**What to work on**
Please copy each line of the listing below precisely, excluding the images.
+---+
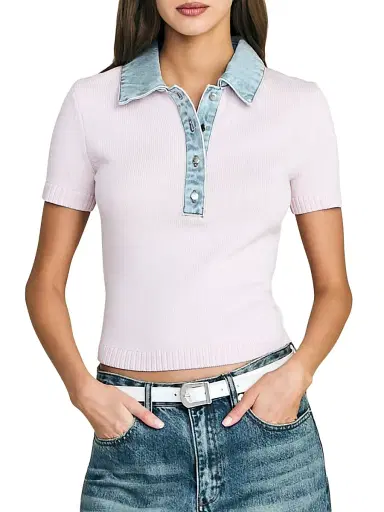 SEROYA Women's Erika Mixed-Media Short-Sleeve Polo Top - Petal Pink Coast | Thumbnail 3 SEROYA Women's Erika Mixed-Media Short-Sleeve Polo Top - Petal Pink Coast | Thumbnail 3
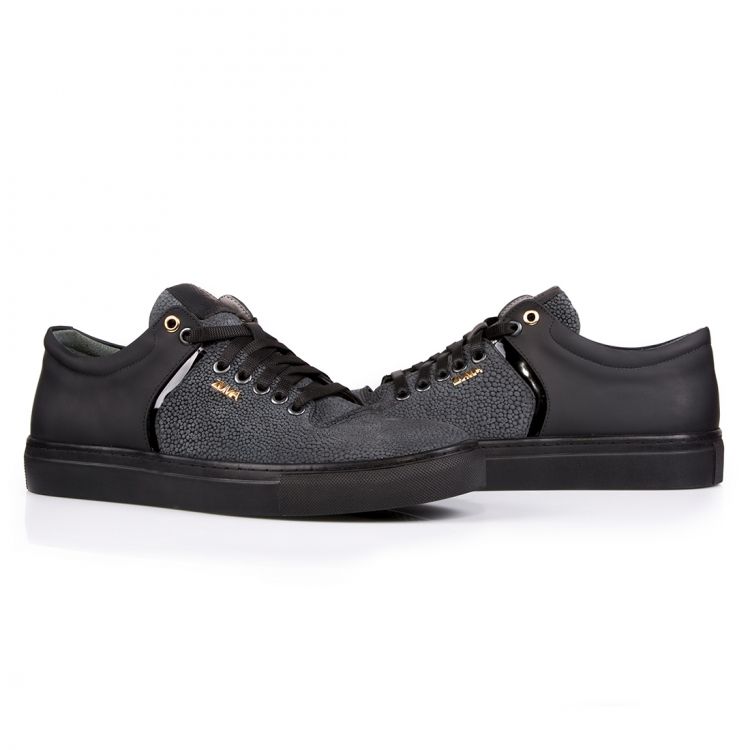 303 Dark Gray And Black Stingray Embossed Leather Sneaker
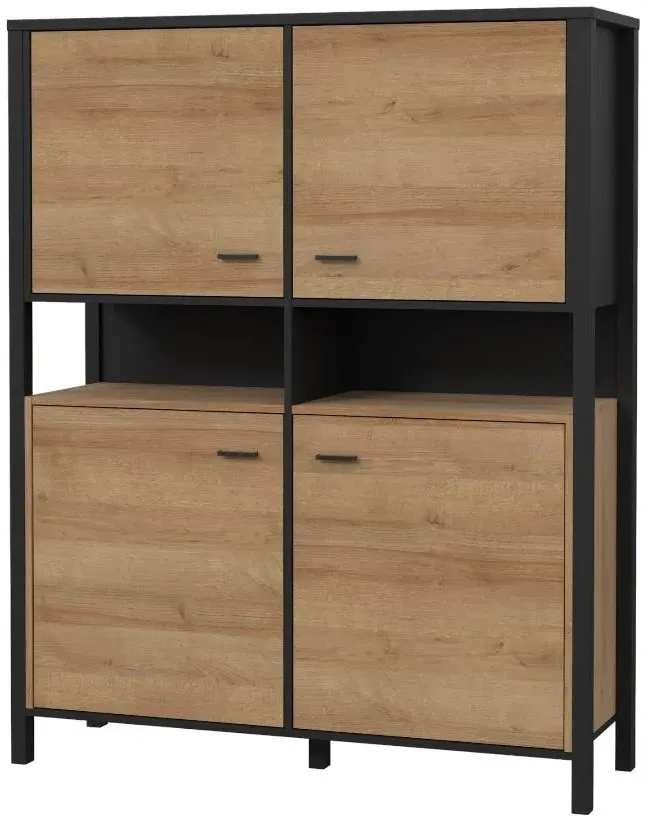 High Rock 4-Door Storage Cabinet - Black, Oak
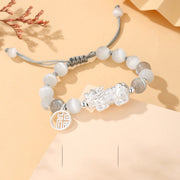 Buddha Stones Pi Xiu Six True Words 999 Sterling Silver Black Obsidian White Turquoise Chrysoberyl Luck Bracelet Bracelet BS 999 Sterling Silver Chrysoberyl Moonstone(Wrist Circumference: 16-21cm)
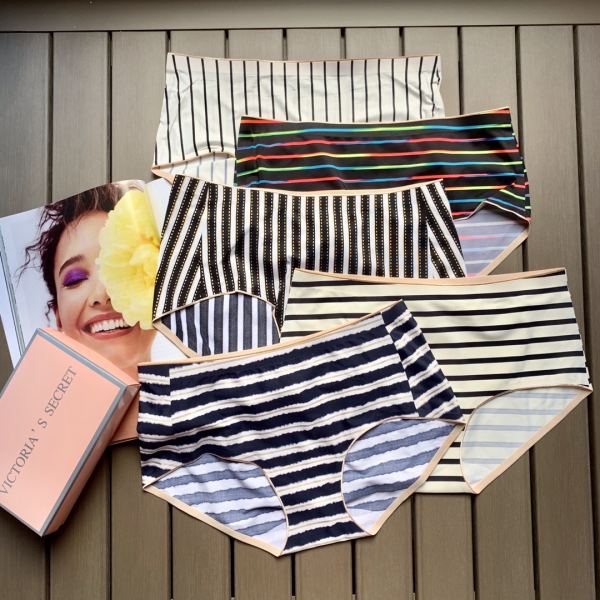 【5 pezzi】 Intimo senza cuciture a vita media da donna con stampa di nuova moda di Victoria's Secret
+---+
**Response**
 SEROYA Women's Erika Mixed-Media Short-Sleeve Polo Top - Petal Pink Coast | Thumbnail 3 SEROYA Women's Erika Mixed-Media Short-Sleeve Polo Top - Petal Pink Coast | Thumbnail 3
 303 Dark Gray And Black Stingray Embossed Leather Sneaker
 High Rock 4-Door Storage Cabinet - Black, Oak
 Buddha Stones Pi Xiu Six True Words 999 Sterling Silver Black Obsidian White Turquoise Chrysoberyl Luck Bracelet Bracelet BS 999 Sterling Silver Chrysoberyl Moonstone(Wrist Circumference: 16-21cm)
 【5 pezzi】 Intimo senza cuciture a vita media da donna con stampa di nuova moda di Victoria's Secret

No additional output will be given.